Ohio State junior linebacker Jerome Baker (17) sacks Army senior quarterback Ahmad Bradshaw during the second quarter of the 2017 OSU- Army game on Sep. 16. OSU won 38-7. Credit: Jack Westerheide | Photo Editor

With just over one minute to go in a tie game, Maryland junior running back Ty Johnson took a handoff at the Minnesota 34-yard line, spotted a hole and raced through it past defenders for the game-winning touchdown.

This is the exact type of rush Ohio State will attempt to prevent Saturday when the Buckeyes face off with the Terrapins at Ohio Stadium.

This season, Johnson has 46 carries for 411 yards, an average of 8.93 yards per carry, which ranks him No. 4 in the FBS. A big-play threat, Johnson has gained at least 34 yards on a carry five times in his team’s four games this year, including a 74-yard touchdown in Week 2 against Towson.

“He’s got great acceleration, he really can go,” Ohio State linebackers coach Bill Davis said. “When he gets going, he’s got great acceleration and he’s got good vision and patience.

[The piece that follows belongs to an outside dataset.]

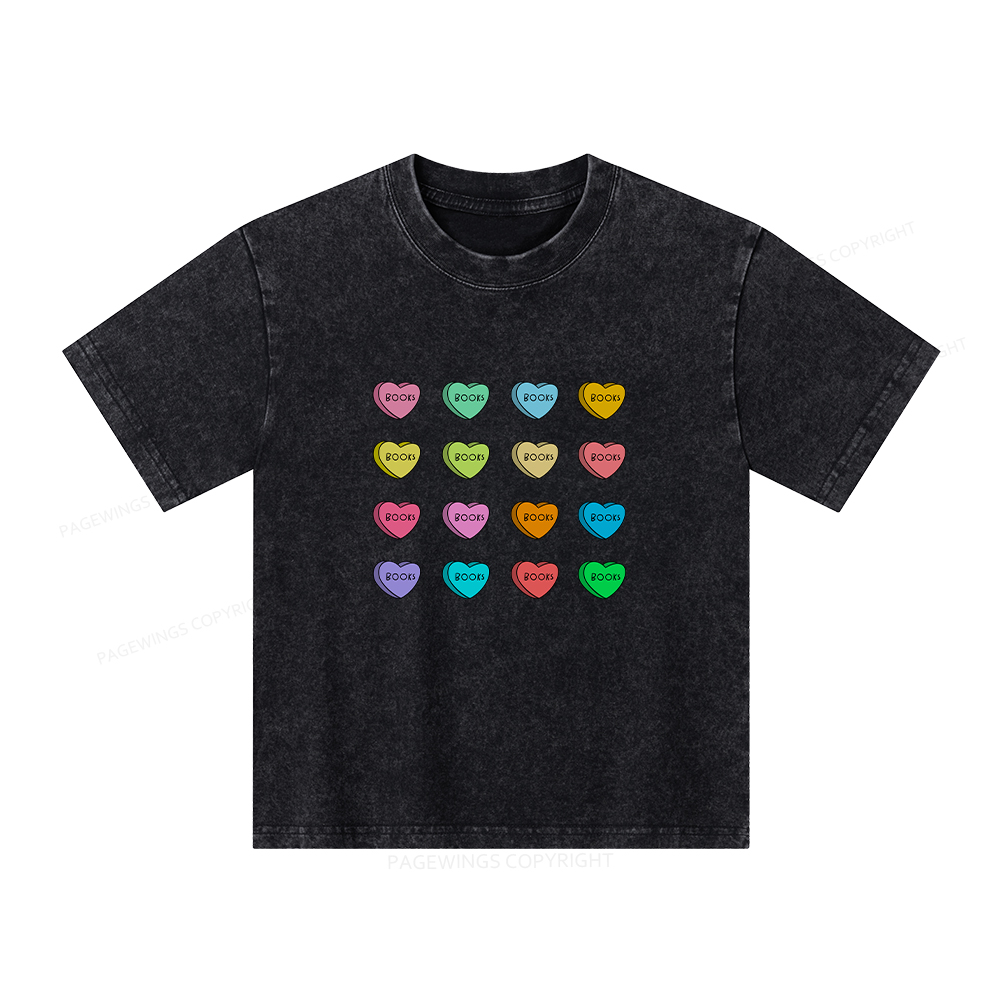 Pagewings Valentine's Day Librarian Unisex Kids Washed T-shirt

He’s a good back.”

Johnson rushed onto the scene as a freshman when he averaged 7.1 yards on 35 carries. The 5-foot-10, 208-pound running back followed up his debut last season with 110 carries for 1,004 yards, an average of 9.1 yards per carry, the most by a Terrapins player in a season with at least 100 rushes. Prior to this year, Johnson was placed on the Doak Walker Award watch list.

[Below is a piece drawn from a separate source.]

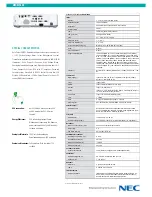 Предварительный просмотр 2 страницы NEC M260X Series Technical Specifications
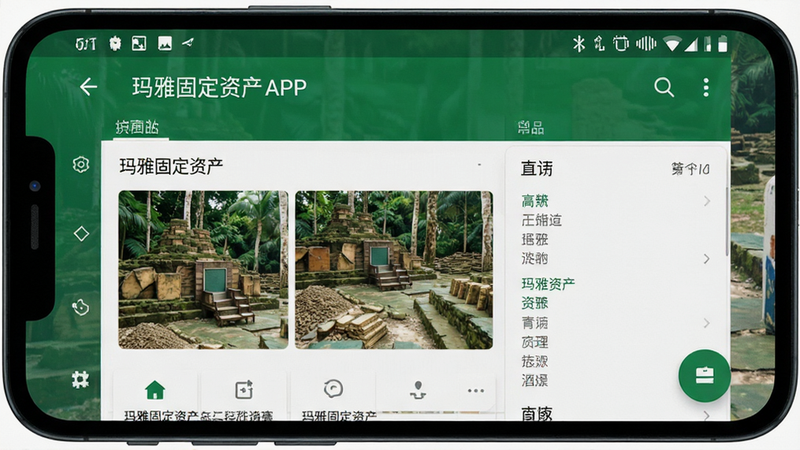 主体为玛雅固定资产APP在安卓手机上的运行界面,布局全屏显示,风格真实手机截图感,细节显示状态栏与APP内容,画质逼真,干净,无多余元素,文字内容包含“玛雅固定资产”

“He’s a real good back,” senior defensive end Jalyn Holmes said. “He’s got a big heart, man. He plays a lot bigger than what he actually is, so we’ve got to be ready for him.”

Johnson is tied with sophomore running back Lorenzo Harrison III with a team-high 46 carries, but Johnson averages twice as many yards per carry as Harrison.

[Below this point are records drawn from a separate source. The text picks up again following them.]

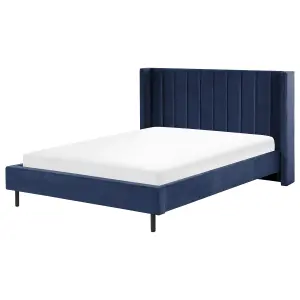 Velvet EU King Size Bed Navy Blue VILLETTE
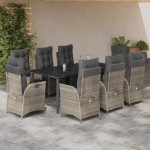 vidaXL Set mobilier grădină cu perne, 9 piese, gri deschis, poliratan vidaXL Set mobilier grădină cu perne, 9 piese, gri deschis, poliratan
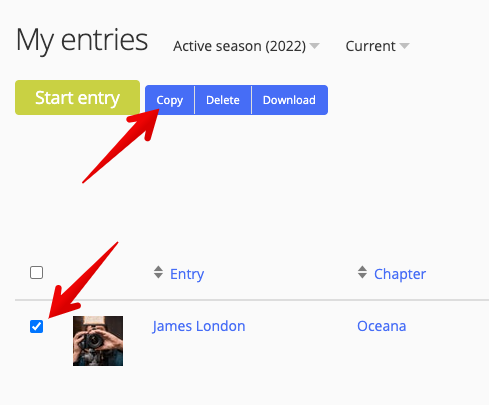 Copy button for entrants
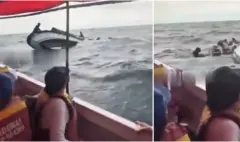 En video quedó registrado el momento en que una lancha con turistas se volcó en aguas de Santa Marta: fuerte oleaje habría provocado el accidente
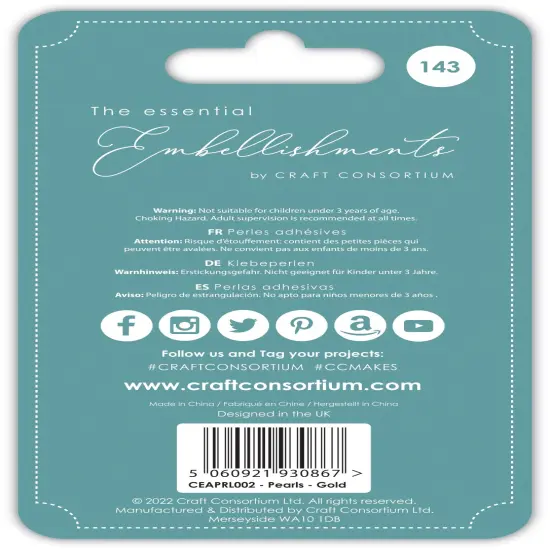 Craft Consortium Essential Adhesive Pearls 143/Pkg-Gold {3}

The Buckeyes defense has not given up many long runs this year. The only 34-plus yard rushes came against the second-team defense in the third quarter of blowouts of UNLV and Army, both of whom are top 10 rushing offenses in the FBS. In the season opener, Indiana averaged 0.6 yards per carry without a rush over nine yards and the next week, Oklahoma averaged 2.8 yards per carry and did not run for a gain of more than 13 yards.

In order for the success against the run to continue, Ohio State understands it must play disciplined as Johnson and Harrison are apt to bounce plays to the outside if they do not see holes in the middle.

“They bounce it out, they run around, they don’t even hit their hole, they sometimes bounce it out and those are fast guys and we’re just going to have to contain them,” redshirt senior defensive tackle Tracy Sprinkle said.

Davis and defensive line coach Larry Johnson emphasized defenders at all levels of the defense must maintain their gap responsibility and not over-pursue, noting it would be the key to victory.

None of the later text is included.